[DATA]

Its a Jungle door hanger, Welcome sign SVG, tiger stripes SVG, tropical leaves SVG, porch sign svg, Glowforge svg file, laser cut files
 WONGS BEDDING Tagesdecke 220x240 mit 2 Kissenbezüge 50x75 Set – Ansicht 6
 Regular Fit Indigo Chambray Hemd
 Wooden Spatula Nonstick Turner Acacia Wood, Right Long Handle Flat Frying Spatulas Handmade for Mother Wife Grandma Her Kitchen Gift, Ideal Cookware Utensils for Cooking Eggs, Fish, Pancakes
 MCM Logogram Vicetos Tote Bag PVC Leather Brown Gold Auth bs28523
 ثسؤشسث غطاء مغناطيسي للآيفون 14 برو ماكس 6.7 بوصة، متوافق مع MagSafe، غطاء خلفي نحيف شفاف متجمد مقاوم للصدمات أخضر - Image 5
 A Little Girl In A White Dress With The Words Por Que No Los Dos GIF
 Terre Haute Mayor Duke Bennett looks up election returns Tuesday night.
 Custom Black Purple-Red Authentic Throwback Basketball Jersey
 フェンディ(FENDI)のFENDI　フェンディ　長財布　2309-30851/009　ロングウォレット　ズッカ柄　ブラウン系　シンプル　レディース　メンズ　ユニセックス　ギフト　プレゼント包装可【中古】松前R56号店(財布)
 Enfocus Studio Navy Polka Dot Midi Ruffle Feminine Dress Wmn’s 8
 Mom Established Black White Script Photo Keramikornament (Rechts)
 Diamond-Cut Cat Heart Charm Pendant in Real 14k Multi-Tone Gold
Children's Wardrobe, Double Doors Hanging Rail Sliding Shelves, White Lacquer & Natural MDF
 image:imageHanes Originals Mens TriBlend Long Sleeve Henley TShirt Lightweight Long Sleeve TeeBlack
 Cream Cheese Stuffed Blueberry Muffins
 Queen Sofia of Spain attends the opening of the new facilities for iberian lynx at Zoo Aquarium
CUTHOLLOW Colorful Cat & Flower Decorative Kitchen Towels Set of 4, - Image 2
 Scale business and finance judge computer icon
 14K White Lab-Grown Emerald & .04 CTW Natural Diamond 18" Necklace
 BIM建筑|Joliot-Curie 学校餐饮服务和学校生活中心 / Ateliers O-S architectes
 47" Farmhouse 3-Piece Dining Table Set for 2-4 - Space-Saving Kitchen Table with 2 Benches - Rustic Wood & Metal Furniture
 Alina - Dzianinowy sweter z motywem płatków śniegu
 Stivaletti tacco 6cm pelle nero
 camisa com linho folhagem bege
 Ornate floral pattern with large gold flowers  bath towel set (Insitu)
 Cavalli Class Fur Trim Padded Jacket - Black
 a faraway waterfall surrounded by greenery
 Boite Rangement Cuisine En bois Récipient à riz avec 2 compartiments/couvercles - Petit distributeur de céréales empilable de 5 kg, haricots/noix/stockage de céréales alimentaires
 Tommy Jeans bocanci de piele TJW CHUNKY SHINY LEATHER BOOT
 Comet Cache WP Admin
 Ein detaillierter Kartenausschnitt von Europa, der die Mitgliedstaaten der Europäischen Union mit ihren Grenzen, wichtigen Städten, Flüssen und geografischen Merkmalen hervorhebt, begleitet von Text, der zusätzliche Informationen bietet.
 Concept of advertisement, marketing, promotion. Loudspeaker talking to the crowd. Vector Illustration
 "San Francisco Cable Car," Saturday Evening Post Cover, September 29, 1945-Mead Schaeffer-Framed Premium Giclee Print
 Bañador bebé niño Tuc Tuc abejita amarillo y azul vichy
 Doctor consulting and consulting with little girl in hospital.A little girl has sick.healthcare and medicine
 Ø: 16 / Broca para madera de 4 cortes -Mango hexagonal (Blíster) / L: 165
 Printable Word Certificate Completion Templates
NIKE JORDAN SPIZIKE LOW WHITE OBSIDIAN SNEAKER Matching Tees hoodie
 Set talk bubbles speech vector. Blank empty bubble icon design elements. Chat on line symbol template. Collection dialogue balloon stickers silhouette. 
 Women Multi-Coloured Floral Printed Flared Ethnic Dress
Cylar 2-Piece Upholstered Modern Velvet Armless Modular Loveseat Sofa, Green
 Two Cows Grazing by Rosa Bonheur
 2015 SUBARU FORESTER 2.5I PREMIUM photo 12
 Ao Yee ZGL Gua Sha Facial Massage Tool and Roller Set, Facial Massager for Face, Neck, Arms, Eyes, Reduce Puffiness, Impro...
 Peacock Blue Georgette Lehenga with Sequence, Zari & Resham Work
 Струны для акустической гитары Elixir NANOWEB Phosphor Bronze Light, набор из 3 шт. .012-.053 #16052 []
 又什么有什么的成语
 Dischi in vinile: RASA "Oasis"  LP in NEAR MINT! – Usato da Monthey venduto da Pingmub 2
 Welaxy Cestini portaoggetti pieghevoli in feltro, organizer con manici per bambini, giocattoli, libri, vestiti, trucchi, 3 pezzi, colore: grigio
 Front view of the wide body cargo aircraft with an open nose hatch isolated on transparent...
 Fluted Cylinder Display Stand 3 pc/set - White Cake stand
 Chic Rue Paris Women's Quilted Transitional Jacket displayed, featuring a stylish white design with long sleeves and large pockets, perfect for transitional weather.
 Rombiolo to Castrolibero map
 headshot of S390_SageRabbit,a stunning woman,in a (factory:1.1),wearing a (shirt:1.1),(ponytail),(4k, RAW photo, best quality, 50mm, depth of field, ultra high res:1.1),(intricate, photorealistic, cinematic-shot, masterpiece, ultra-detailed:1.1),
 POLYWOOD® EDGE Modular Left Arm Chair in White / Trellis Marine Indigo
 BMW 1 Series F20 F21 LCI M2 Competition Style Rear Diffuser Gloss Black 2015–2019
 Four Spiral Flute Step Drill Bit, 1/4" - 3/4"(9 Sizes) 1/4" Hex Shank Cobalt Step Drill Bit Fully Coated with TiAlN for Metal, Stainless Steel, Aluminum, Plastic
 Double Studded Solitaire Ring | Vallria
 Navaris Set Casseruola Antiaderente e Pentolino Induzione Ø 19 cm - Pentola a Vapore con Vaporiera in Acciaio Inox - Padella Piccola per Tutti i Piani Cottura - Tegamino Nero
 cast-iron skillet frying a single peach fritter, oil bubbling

[/DATA]

→ **WHAT YOU NEED TO DO**
Wherever a line of the data above contains "Jacket", copy that line.

→ **EXERCISE OUTPUT**
 Cavalli Class Fur Trim Padded Jacket - Black
 Chic Rue Paris Women's Quilted Transitional Jacket displayed, featuring a stylish white design with long sleeves and large pockets, perfect for transitional weather.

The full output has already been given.